Give back exactly the lines from the beginning of the listing below to the line holding "Murder She Wrote", both ends included; the pictures stay out.
*** Block opens ***
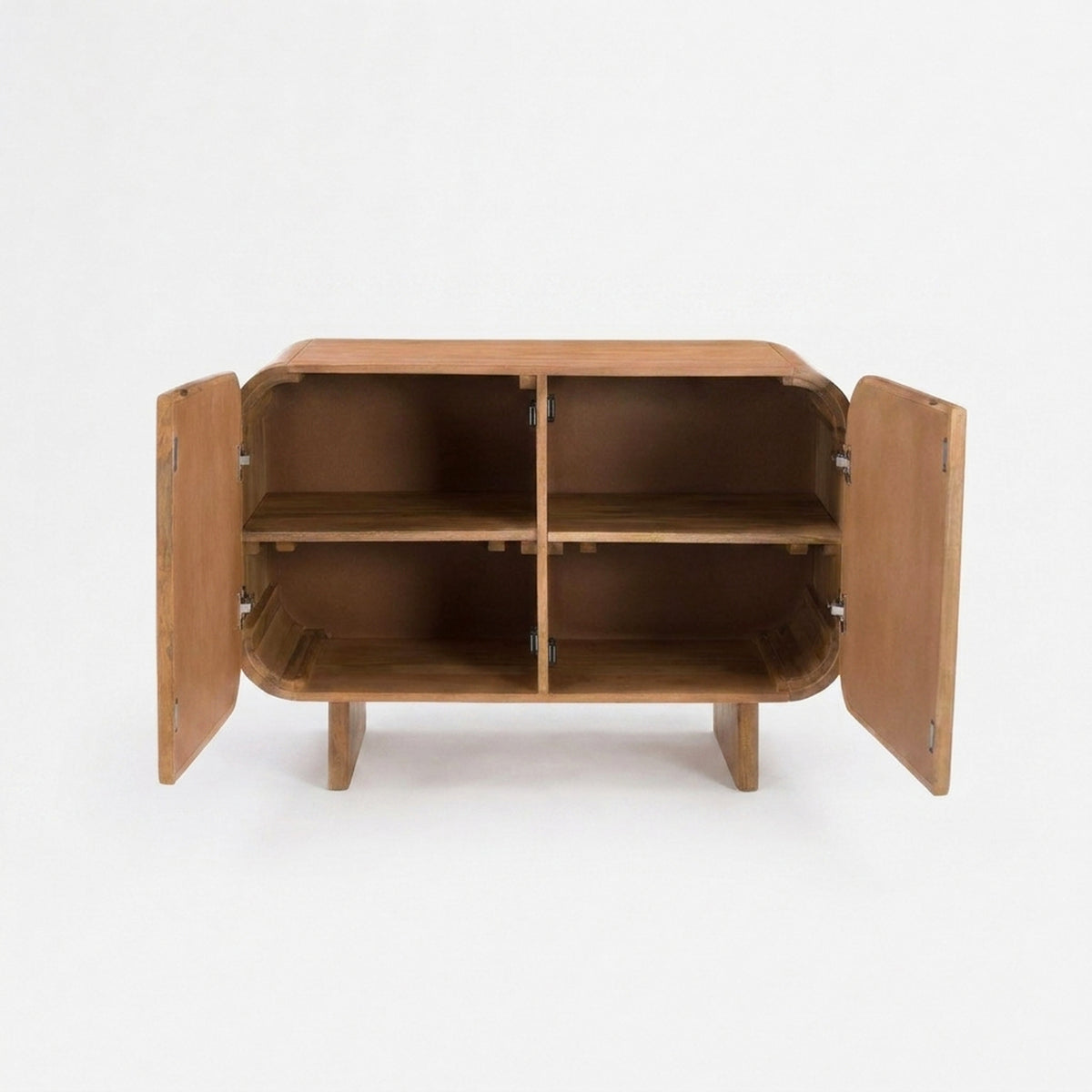 Petit buffet Ezio en bois de manguier et cannage, portes ouvertes - Maison Pavane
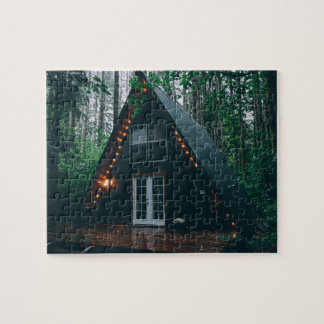 A FRAME CABIN CHRISTMAS JIGSAW PUZZLE
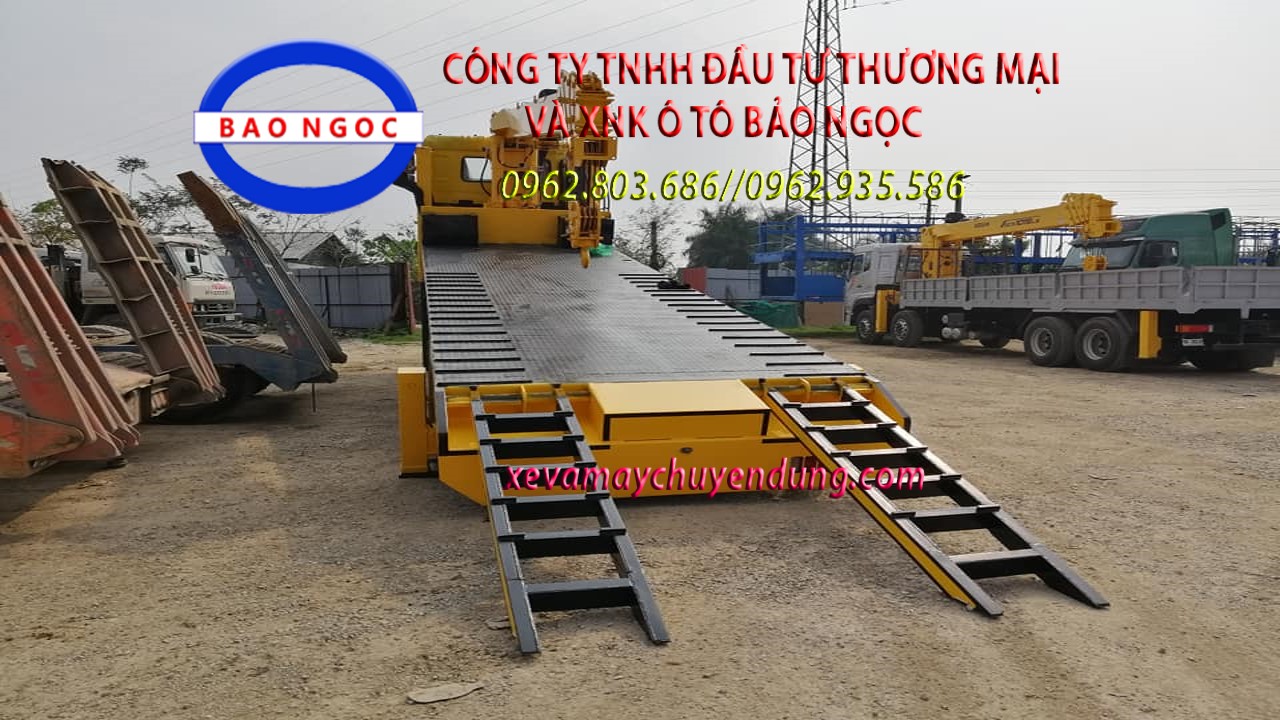 Xe nâng đầu 4 chân chở máy công trình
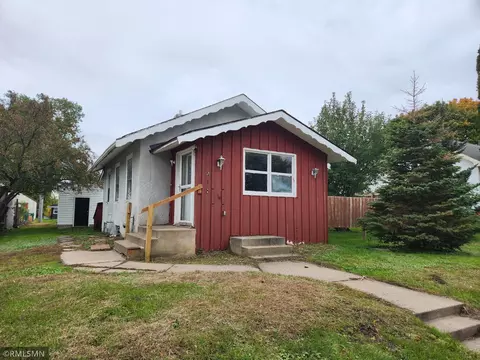 418 40th Ave NE, Columbia Heights, MN 55421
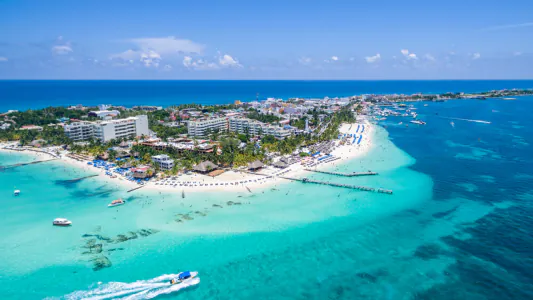 Travesía a Isla Mujeres en Moto de Agua​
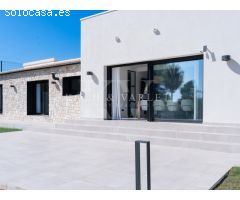 Villa Carrals en Denia - Lujo y Vista Mediterránea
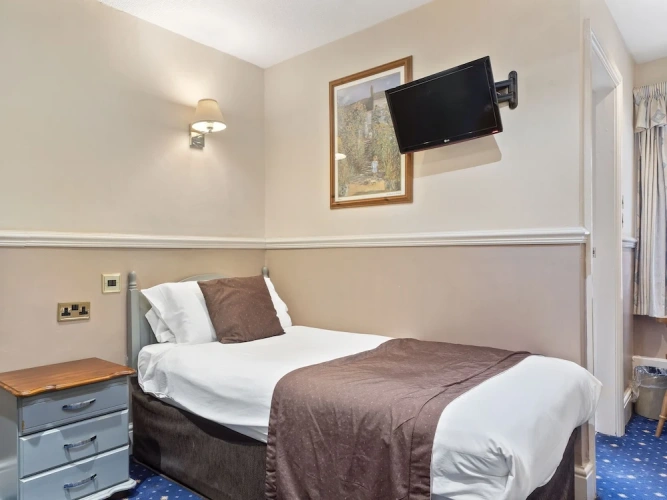 Standard Single room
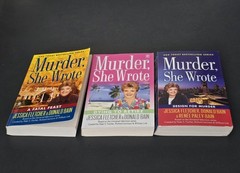 Murder She Wrote Book Lot 14 Paperback Mystery Jessica Fletcher 8 First Printing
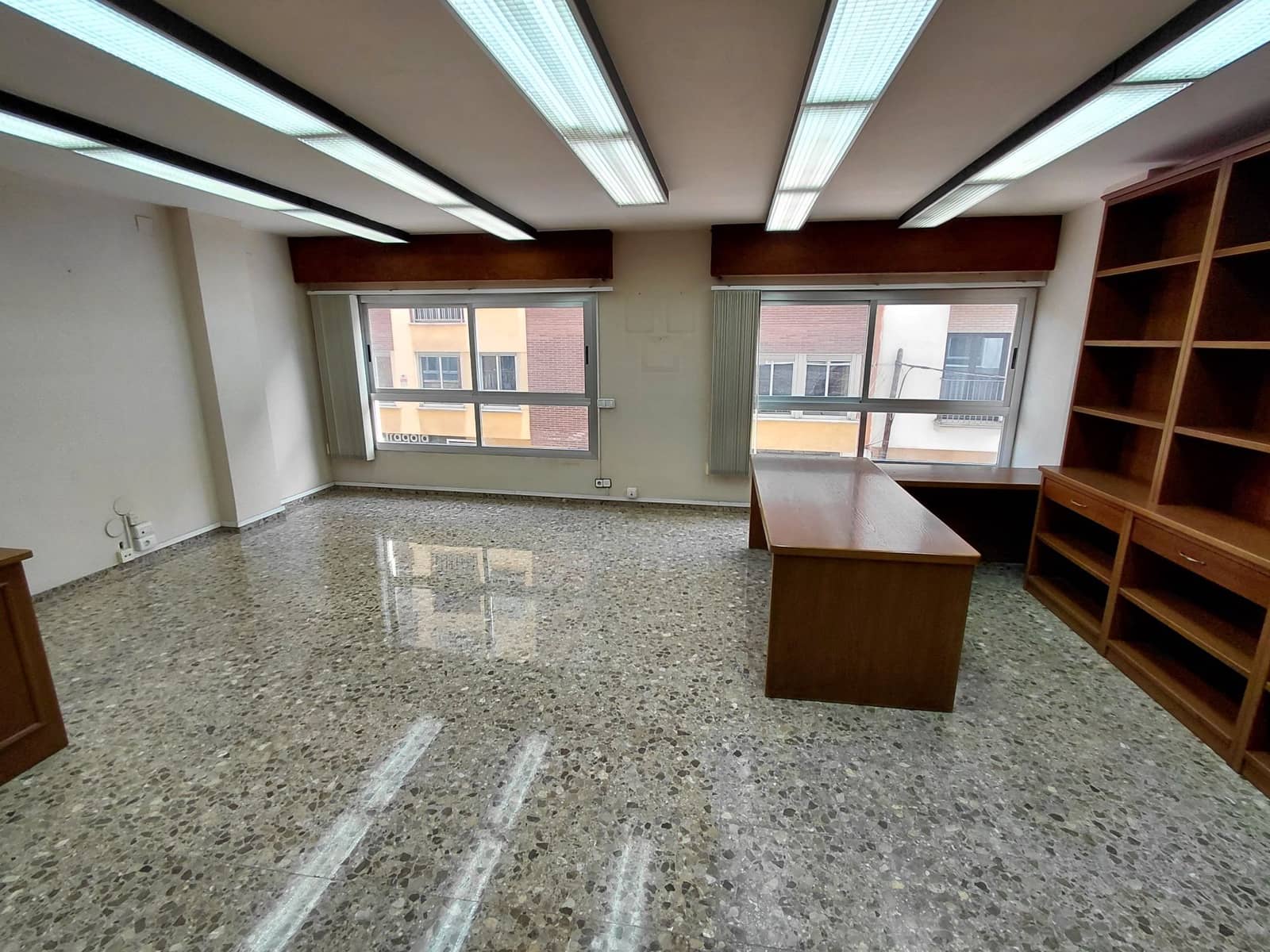 Office for sale in Castello de la Plana - € 143,000 (Ref: 9591789)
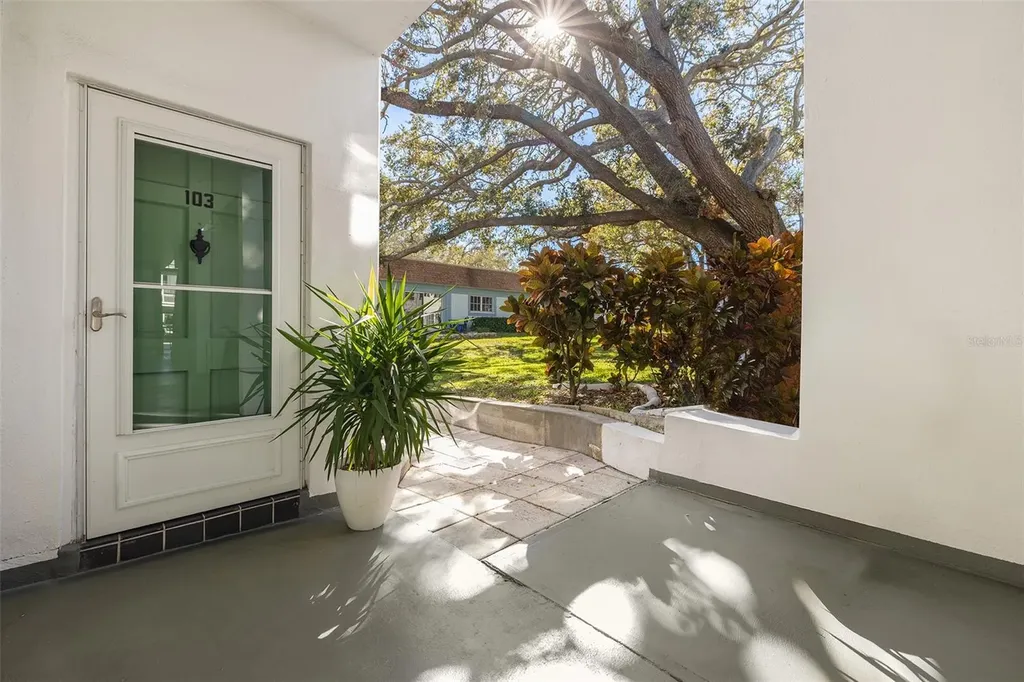 200 Glennes Lane Dunedin FL 34698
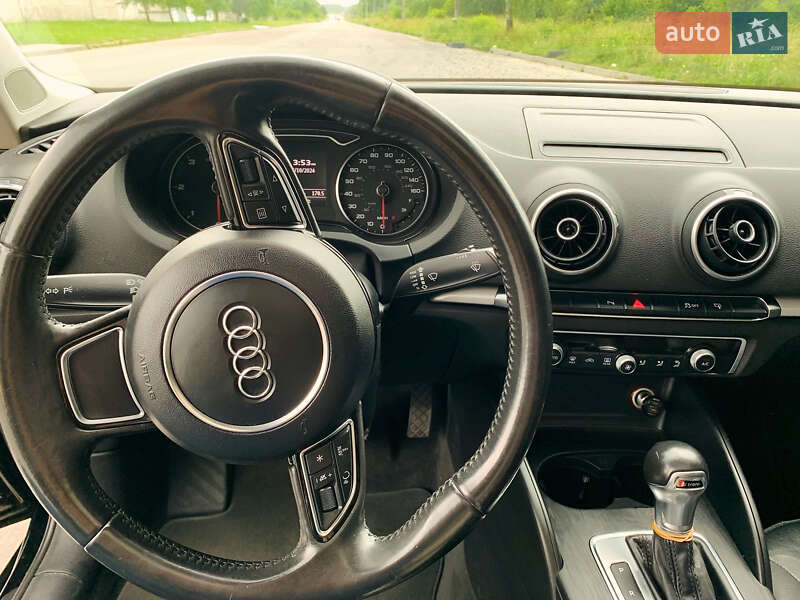 Седан Audi A3 2014 в Львове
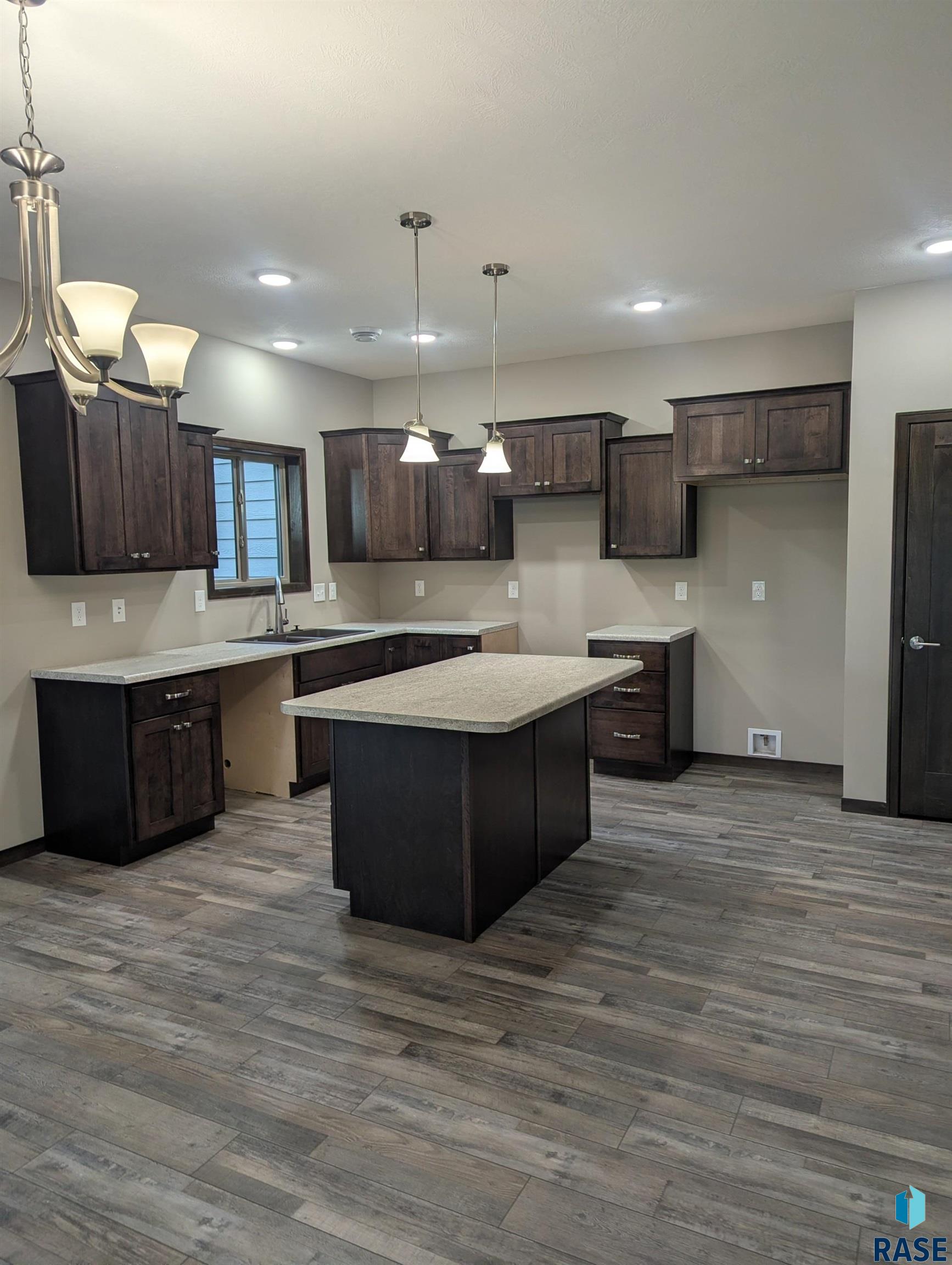 7509 Flowerfield Pl, Sioux Falls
*** Block closes ***
The answer:
 Petit buffet Ezio en bois de manguier et cannage, portes ouvertes - Maison Pavane
 A FRAME CABIN CHRISTMAS JIGSAW PUZZLE
 Xe nâng đầu 4 chân chở máy công trình
 418 40th Ave NE, Columbia Heights, MN 55421
 Travesía a Isla Mujeres en Moto de Agua​
 Villa Carrals en Denia - Lujo y Vista Mediterránea
 Standard Single room
 Murder She Wrote Book Lot 14 Paperback Mystery Jessica Fletcher 8 First Printing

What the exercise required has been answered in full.